Recensione: Tunguska 1908
Tunguska, Siberia. Mattina del 30 giugno 1908. Un’esplosione terrificante, improvvisamente, squarcia, sconquassa, devasta la quiete della foresta. Milioni di alberi rasi immediatamente al suolo, spazzati via come fuscelli da una forza spaventosa, incalcolabile, aliena.
Una furia mai vista, mai conosciuta dalla Storia dell’Uomo. Furia. ярость, in russo. Cioè, Yarast. Come la band di Roma che, dell’indescrivibile evento, ne ha estratto un concept-album. “Tunguska 1908”, appunto. Full-length che coincide con il debutto discografico, dopo cinque anni di gavetta.
Un tema affascinante – trasfuso peraltro in questione politica, che si sposa assai bene – per l’energia prodotta – con il death metal. Vigoria musicale e megatoni, insomma. Anche se, come stile, i Nostri non sono degli esploratori delle lande più oltranziste del metallo più estremo. Quanto, piuttosto, degli epigoni del melodic death metal. Certo, non troppo, melodico. Non si tratta difatti di gotenburg metal o di melodeath quanto, invece, di death metal massiccio, robusto, coriaceo, venato nondimeno da un mood istintivamente accattivante. Volto a ricercare maggiormente il colpo di fioretto a vece di quello di spada.
Apparentemente l’apertura con la title-track, ‘Tunguska 1908’, lascerebbe poco spazio a voli pindarici. L’incedere è rapido, seppur non eccessivamente, il muraglione di suono ben definito, granitico. Ma, improvvisamente ecco l’apertura melodica. Niente di stucchevole, niente di catchy. Però, sufficientemente gradevole sì da rendere più digeribile il malloppo. Un modus operandi che è alla base del songwriting di Matteo Boccardi & Co. Che si ripete, quindi. Bilanciando la brutale aggressività del growling di Boccardi stesso con le raffinate cesellature delle asce della coppia David Ceccarelli / Daniele Foderaro (‘Распyтица’). Oppure, imbastendo un ritmo scoppiettante, trascinante, dirompente, sino a lambire la soglia dei blast-beats, atto a sostenere la drammatica discesa dell’inverno nucleare figlio del fall-out (‘Nuclear Winter’).
Malgrado gli Yarast abbiano saputo costruire con efficacia una propria identità sia musicale, sia testuale, il meccanismo compositivo delle varie canzoni non riesce a staccarsi da una certa scolarità. Un po’ come se, girato l’angolo di una via, non ci fosse alcuna sorpresa. E ciò per l’intero percorso immaginario compiuto fra le maglie delle congetture fanta-politiche delle tematiche. Imperniate sia sulla durezza della guerra fredda scatenata dall’ex-URSS, sia sull’immaginario scenario internazionale di un Mondo non dominato dalla cultura anglosassone.

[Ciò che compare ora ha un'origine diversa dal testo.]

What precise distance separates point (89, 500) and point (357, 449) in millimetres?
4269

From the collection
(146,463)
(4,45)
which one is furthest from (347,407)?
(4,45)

Nonostante il pacchetto sia stato preparato con tanta cura e passione, a esso manca il fiocco. Non c’è, in pratica, quel qualcosa in più che imponga all’ascoltatore di reiterare i passaggi di “Tunguska 1908” nel lettore mp3. Con che, nemmeno poi tanto tardi, cominciano inevitabilmente i primi sintomi della noia. S’è ascoltato ben di peggio, a tutti i livelli, quindi gli Yarast ce la fanno in ogni caso, a galleggiare sulla superficie di separazione fra giudizio sufficiente e giudizio insufficiente.
Alla folta schiera dei fan dell’italian death metal spetti l’ultima parola, però: “Tunguska 1908” può piacere per via della sua neutralità e perfezione formale, e anche parecchio.